I'm working on a game which is a bit like the boardgame RISK, or the campaign section of the Total War series. I currently have a working implementation of the region system, but because of bad performance, the game hangs after certain commands. I'm sure it is possible to do it better.
I want to be able to present a map, such as a world map, and divide it up into regions (e.g. countries). I want to be able to select regions by clicking on them, send units to them, and get the adjacent regions.
A map is defined by 3 files:
"Region Name" "Region Color" "Game-related information" ["Adjacent Region 1", "Adjacent Region 2", ...]'
An example of such a colour map: (All the white parts evaluate to the same region in the current implementation. Just imagine they all have different colours).
When I load these files, I first load the colour image. Then I load the text file and go through each line. I create regions with the correct settings, as I want to. There's no real performance hit here, as it's simply reading data. A bunch of Region objects is then made, and given the correct colors.
At this stage, everything works fine. I can click on regions, ask the pixel data of the colour image, and by going through all the Regions in a list I can find the one that matches the colour of that particular pixel.
However, here's where the performance hit comes in:
Each player has a bunch of units. I want to be able to spawn these units in a region. Let's say I want to spawn a unit in the red region. I go through all the pixels in my file, and when I hit a red one, I place the unit there.

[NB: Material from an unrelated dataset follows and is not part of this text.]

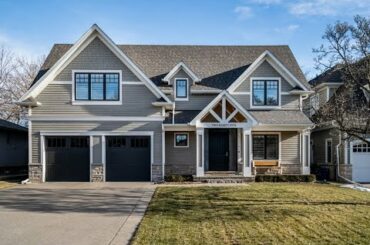 285 Ashbury Road, Oakville - Luxury Real Estate by Goodale Miller Team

for(int i = 0; i < worldmap.size(); i++) {
for(int j = 0; j < worldmap[i].size(); j++) {
if(worldmap[i][j].color == unit_color) {
// place it here
}
}
}
A simple glance at this pseudocode shows that this is not going to work well. Not at a reasonable pace, anyway.
Another issue is that I want to colour the regions owned by players on the "nice looking" map. Let's say player one owns three regions: Blue, Red and Green. I then go through the worldmap, find the blue, red and green pixels on the colour image, and then colour those pixels on the "nice looking" map in a transparent version of the player colour.
However, this is also a very heavy operation and it takes a few seconds.
Since this is a turn based game, it's not really that big a deal that every now and then, the game slows down a bit. However, it is not to my liking that I'm writing this ugly code. I have considered other options, such as storing each point of a region as a float, but that would be a massive strain on memory (64 bits times a 3000x1000 resolution image is a lot).
I was wondering if there are algorithms created for this, or if I should try to use more memory to relieve the processor. I've looked for other games and how they do this, but to no avail. I've yet to find some source code on this, or an article.
I have deliberately not put too many code in this question, since it's already fairly lengthy, and the code has a lot of dependencies on other parts of my application. However, if it is needed to solve the problem, I will post some ASAP.
Thanks in advance!
Problem 1: go through the color map with a step size of 10 in both X and Y directions. This reduces the number of pixels considered by a factor of 100. Works if each country contains a square of at least 10x10 pixels.
Problem 2: The best solution here is to do this once, not once per player or once per region. Create a lookup table from region color to player color, iterate over all pixels of the region map, and look up the corresponding player color to apply.
It may help to reduce the region color map to RGB 332 (8 bits total). You probably don't need that many fine shades of lila, and using just one byte colors makes the lookup table a lot easier, just a plain array with 256 elements would work. Considering your maps are 3000x1000 pixels, this would also reduce the map size by 6 MB.
Another thing to consider is whether you really need a region map with 3000x1000 pixel resolution. The nice map may be that big, but the region map could be resampled at 1500x500 pixel resolution. Your borders looked thick enough (more than 2 pixels) so a 1 pixel loss of region resolution would not matter. Yet it would reduce the region map by another 2.25 MB. At 750 kB, it now probably fits in the CPU cache.